Kube-proxy failures – The Saga of Conntrack Max
Kube-proxy, upon startup, checks the conntrack max setting, and if it is more than four times larger than the hashsize, will attempt to increase the conntrack hashsize. For most cases, like GCE or a VM on a Mac, this will not occur. However, if you have a large system with many CPUs, then this adjustment will be attempted.
Unfortunately, there is a docker bug () where, in a nested docker environment (like DinD), the update fails. Kube-proxy checks to see if the file system is writeable (it says it is), and then tries to update a file and fails with a read-only error. The kube-proxy log will show this message:
write /sys/module/nf_conntrack/parameters/hashsize: operation not supported
DinD attempted to work-around this problem, by telling kube-proxy, via command line settings, to skip changing any settings related to conntrack. Unfortunately, kube-proxy was recently changed, such that the config file, if present (it is with Kubernetes 1.9+), will take precedence over the CLI settings. The config file does not have any settings for conntrack, and so defaults are used, which on some systems will cause kube-proxy to attempt to update the hash size (and it fails).

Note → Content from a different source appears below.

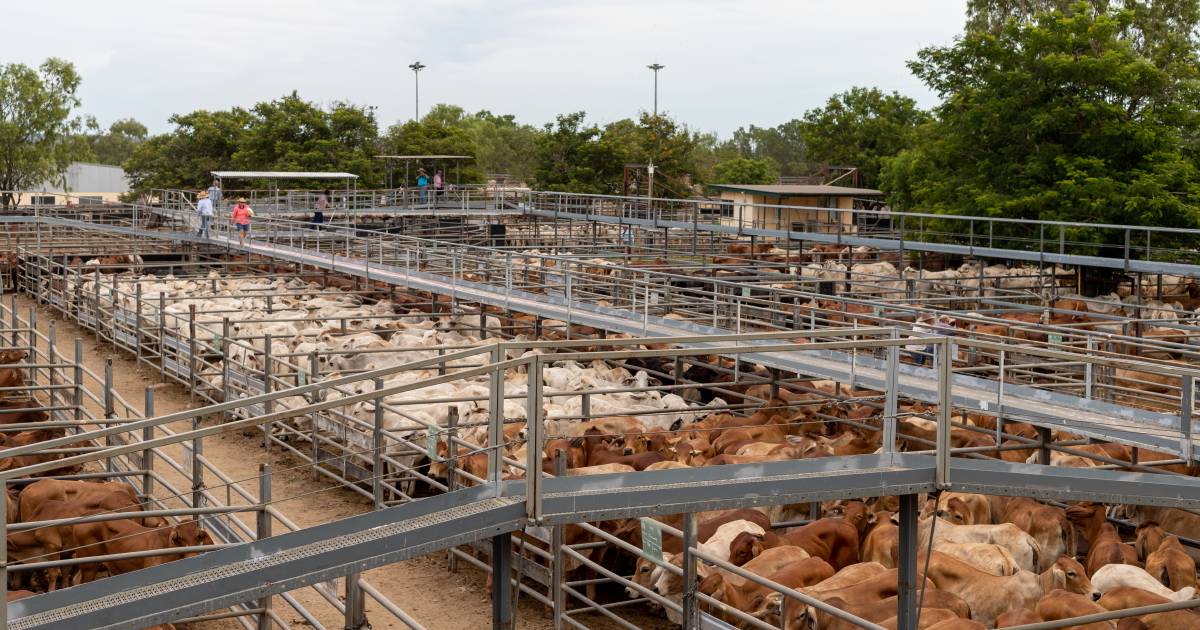 Weaner steers top at 594c at Charters Towers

For example, I have a system with 32 CPUs and kube-proxy uses a default conntrack value of 32768 for max-per-core. We end up with a conntrack value of 1048576 (32768 * 32), which is more than four times the system’s hashsize of 65536.
I created issue #50 in the kubeadmin-dind-cluster project to address the problem. This issue has a patch for Kubeadm, which can be used as a temporary workaround on systems that exhibit the kube-proxy crash, when attempting to update hashsize. If you see the kube-proxy crash with docker log messages like below, you can include the patch from the issue into the code:
I1130 18:53:44.150679 1 conntrack.go:52] Setting nf_conntrack_max to 1048576 I1130 18:53:44.152679 1 conntrack.go:83] Setting conntrack hashsize to 262144 error: write /sys/module/nf_conntrack/parameters/hashsize: operation not supported
An alternative to doing a patch, is to look at the hashsize value trying to being set (e.g. 262144), and setting that manually on the host, before doing “dind-cluster.sh up”. For example:
sudo su echo "262144" > /sys/module/nf_conntrack/parameters/hashsize cat /sys/module/nf_conntrack/parameters/hashsize
For NAT64, a Tayga container built by Daneyon Hansen is used. It has a private IPv4 pool for mapping local IPv6 addresses to IPv4 addresses that can be NATed, and used for external site access. The pool is set to a /25 (126 hosts) subnet. If a larger pool is needed, the container would need modifications.
Lab Systems and DNS
You may see a case where DNS64 is unable to forward the DNS requests to an outside system like 220.127.116.11. In those cases, I’ve had success with using a company DNS server instead. Hence the programmable setting REMOTE_DNS64_V4SERVER. 🙂
Warning on noswap
When you bring up/tear down a cluster, you may see this warning about swap:
WARNING: No swap limit support
I’ve seen the warning on Ubuntu 16.04, and it was benign, however other people have seen issues with bringing up the cluster under CentOS 7.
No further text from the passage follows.